Ryan looked at her and frowned.
‘Sorry,’ she said quickly. ‘I still can’t see the Old Man as a boxer.’
Ryan nodded and smiled. ‘Yeah, he’s piled on the pounds, right, but Ben said back in the day the Old Man was a proper, serious fighter; amateur international at light-welter.’ He paused and Dan could see his face redden again. ‘They was friends when the Old Man was the officer in charge of the navy boxing team, before he got his third ring.’
‘That was years ago,’ said Dan. ‘How old was Ben?’
‘Sixteen,’ said Ryan. ‘He joined the team straight from basic, he was handy as fuck.’
‘Sixteen?’
‘Yeah, he was a minor, so him and the Old Man spent a lot of time together.’
Dan was pausing now, thinking carefully about how to ask the question.

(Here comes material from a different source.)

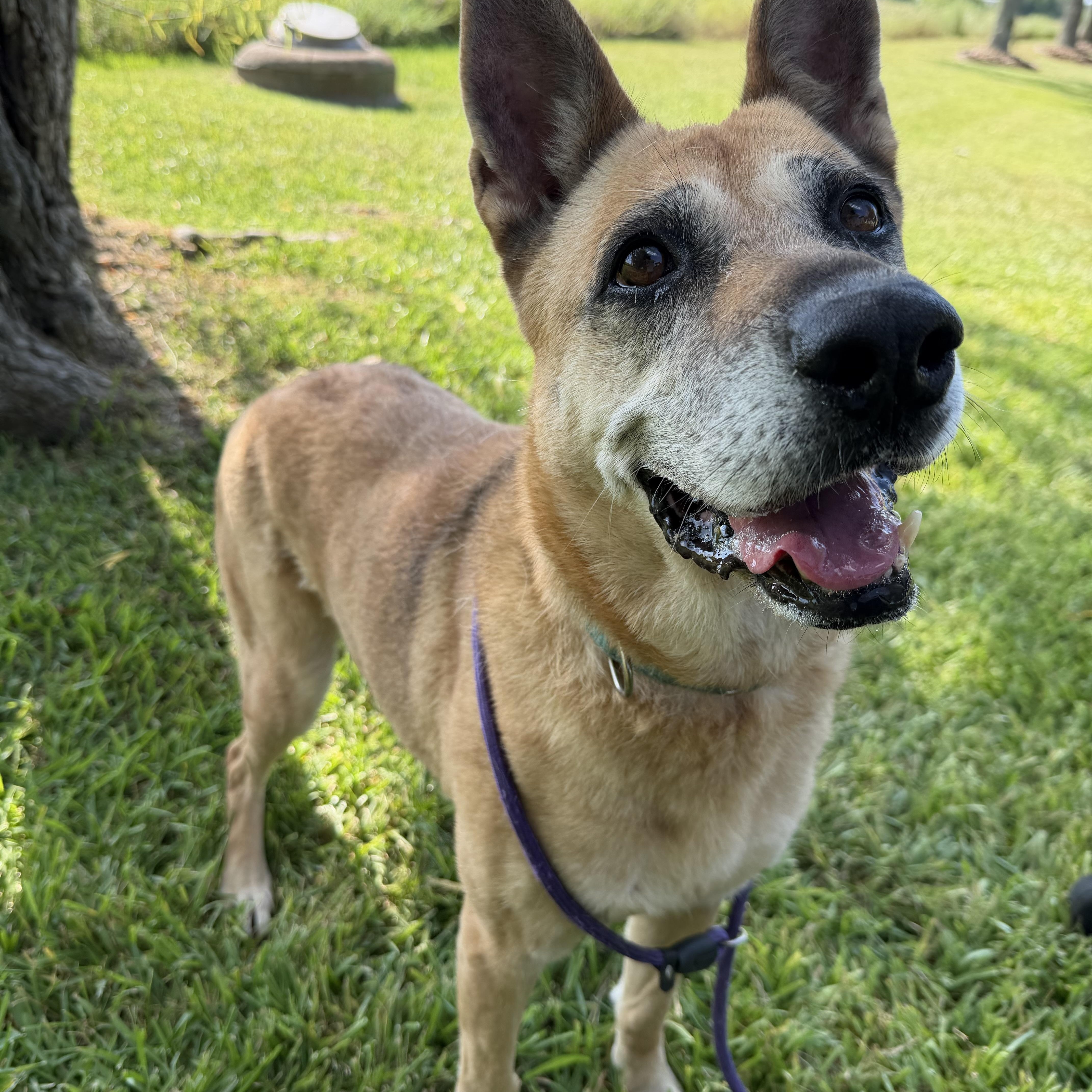 Enlarge Dorene Florie, a Adoptable mixed breed in Albany, NY image 5/5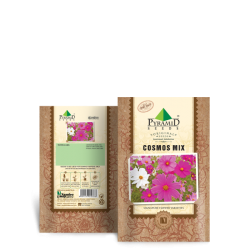 Cosmos Mix Seeds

She knew she needed to ask, but was unsure as to how he would deal with it.
‘Ryan,’ she began.
‘I don’t know,’ he said.
‘Don’t know what?’ asked Dan.
‘I might sound thick, but I’m not. You want to know if the Old Man was fucking Ben and I don’t know.’
His tone was changed, angry now, and the fact that he was hurting when he talked about this answered Dan’s question.
‘OK,’ she said, adding no more.
‘There’s a load of them boxers on Tenacity,’ Ryan said, seeming to forget his previous upset. ‘Known each other for years. Ben used to say, right, if Tenacity put a team out, and they was all at their best, you know, in their primes, they could beat all the rest of the armed forces’ boxing teams put together.’
Dan wasn’t listening properly. Her mind was churning as she thought about Ben and the Old Man: a pair? Maybe. She thought about what might have been in No.2 AMS and then she thought about the Chief Stoker threatening Ben. Dan saw Aaron’s face when she had spotted the chief back aft, before the exercise, down in the engine room lower levels, looking around where Aaron thought he didn’t need to be, where Ben would have gone to act as the casualty for the exercise.
‘Ryan, how well do you know the engine rooms?’
‘All right, I suppose. We all have to learn the whole boat to get our dolphins.’
‘When you look down from the lower level ladder and then out to your left as far as it goes, there’s a little space …’
‘Dog kennels,’ he said. ‘Yeah?’
‘What’s in there?’ she asked.
He shrugged. ‘Some kit, dosing pumps for the boilers, stores, an old safe and some other stuff. Crap we don’t have anywhere else to put, really.’
‘Who could access that safe? Could the Old Man access it?’
‘Old Man can access anything he likes though, the whole boat’s his. I guess the Coxswain could give access to anyone too, but that safe back there, I think that’s one of the Chief Stoker’s safes.’
Dan was silent for a long time, thinking about Ben Roach, the Chief Stoker and the Old Man, before she finally spoke. ‘Ryan, I need you to get me back on board Tenacity, tonight.’
Chapter 37
Sunday Morning (Early Hours) – 5th October 2014
Dan’s hands were shaking as she drove Ryan’s car towards the dockyard gate. There was no traffic, but she still felt as though it was taking too long.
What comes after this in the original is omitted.